Report: Brandon Knight Wanted $48 Million From Milwaukee

Feb 25, 2015; Denver, CO, USA; Phoenix Suns guard Brandon Knight (3) shoots the ball during the second half against the Denver Nuggets at Pepsi Center. The Suns won 110-96. Mandatory Credit: Chris Humphreys-USA TODAY Sports
Feb 25, 2015; Denver, CO, USA; Phoenix Suns guard Brandon Knight (3) shoots the ball during the second half against the Denver Nuggets at Pepsi Center. The Suns won 110-96. Mandatory Credit: Chris Humphreys-USA TODAY Sports /

The biggest piece of the roster for the Phoenix Suns to re-sign this summer is easily combo guard Brandon Knight.
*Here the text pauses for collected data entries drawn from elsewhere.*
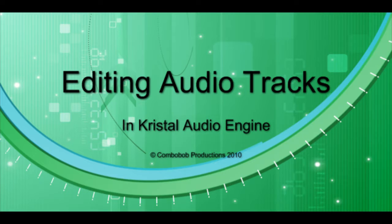Hello again. Today I'm going to look at editing audio tracks in Kristal Audio Engine. After you've recorded your tracks, there are always more ways that you can improve your song.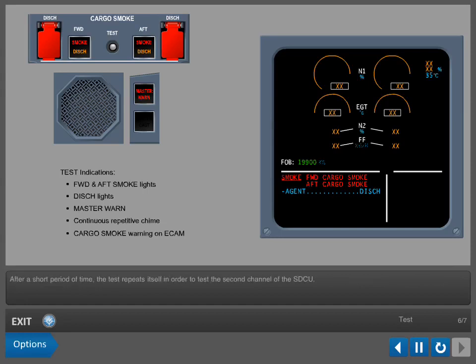After a short period of time, the test repeats itself in order to test the second channel of the SDCU.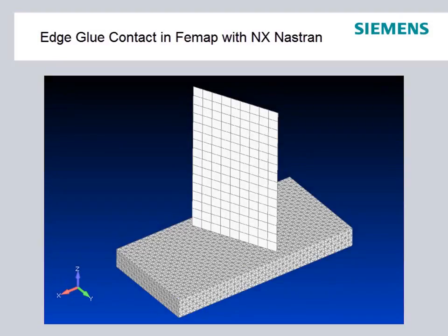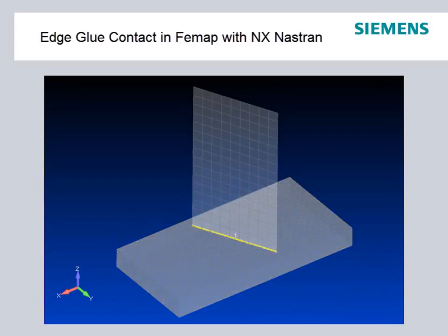The ability to glue edges to surfaces greatly facilitates model creation and setup for shell or shell-solid hybrid models, as the meshes of the parts being joined do not need to be aligned.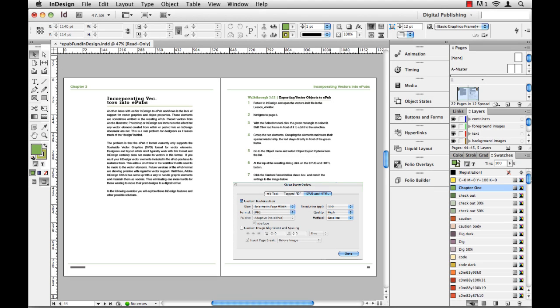Here I have my InDesign document open and I'm working on a laptop with a really small screen. So this real estate here, the area in which my document occupies, is at a premium. I've got tools over on the left and panels over here on the right, and sometimes I'd just like to get that stuff out of my way.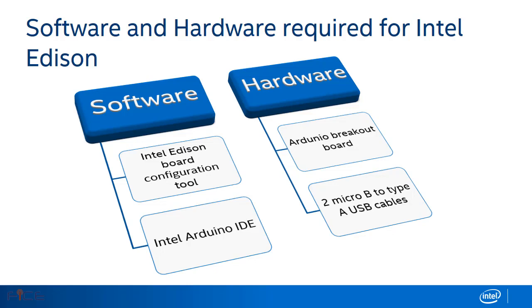Coming to hardware, we require Arduino breakout board for Intel Edison and two micro B to type A USB cables for connection.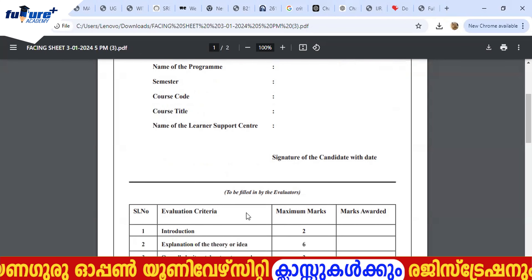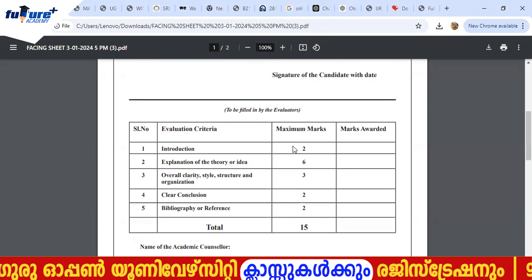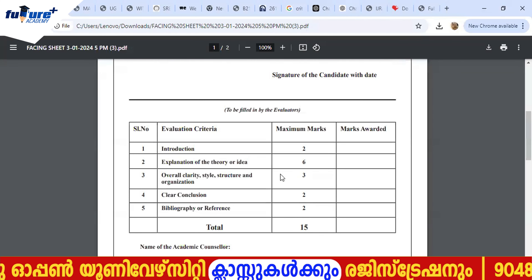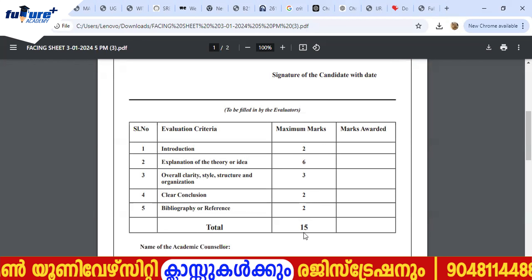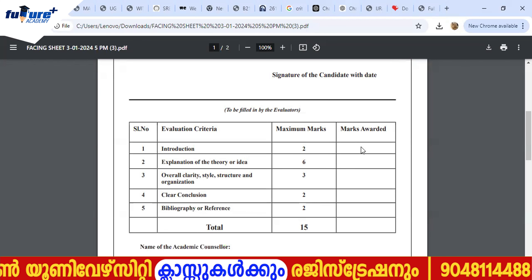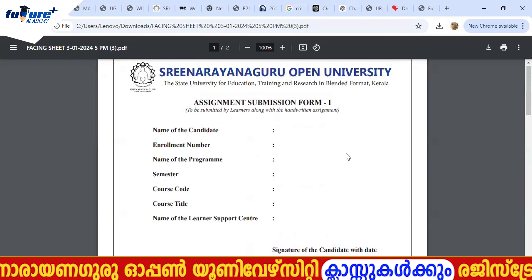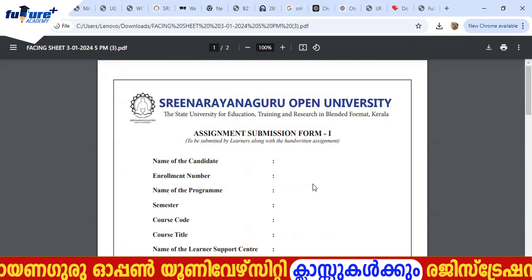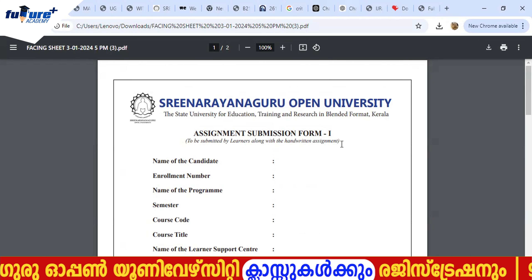For the assignment marks section, you have: introduction, theory, conclusion, bibliography, and references. The answer mark tally is also included. This is the assignment page structure.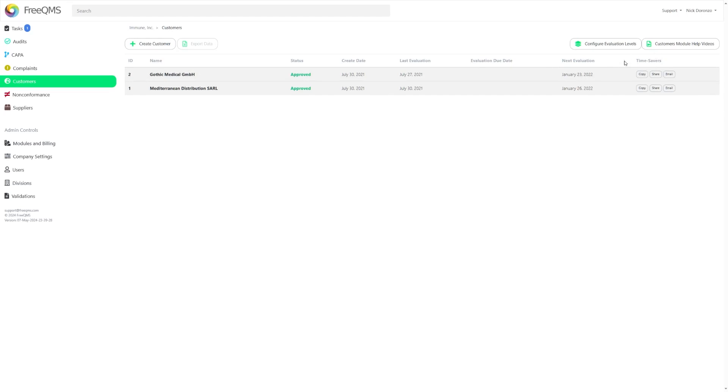The first of the three is the Copy feature, a feature that you are likely already familiar with as it's been implemented into the Non-Conformance module for some time already. It was only recently that the feature was added to every available module.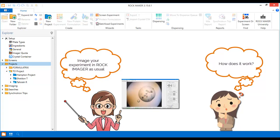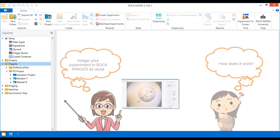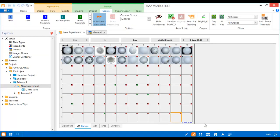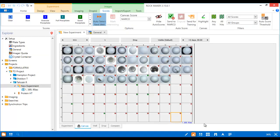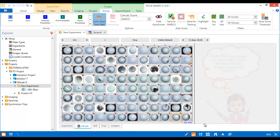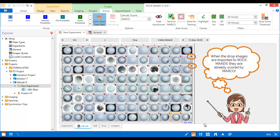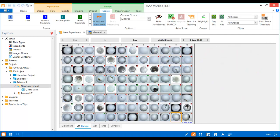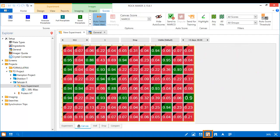As new images are imported back to Rockmaker after an imaging session in Rockimager, you will almost immediately see the Marco scores on each of the drops in the upper right corner of the image. You can switch to Score View to see the scores more easily. The numerical score given by Marco represents the probability of the image containing a crystal.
Though he struggled during his short time in Phoenix, particularly because of an ankle injury that limited him to 11 games, the front office is confident that Knight is the right long-term piece to pair with Eric Bledsoe in the backcourt.

Thanks to a report from Sean Deveney of the Sporting News last week, we have a better idea of what to expect when it comes to the Suns trying to re-sign their restricted free agent this summer:

"“In discussing an extension last year, the Bucks held the line on Knight at $9 million per year, where Knight wanted something in the range of four years and $48 million.”"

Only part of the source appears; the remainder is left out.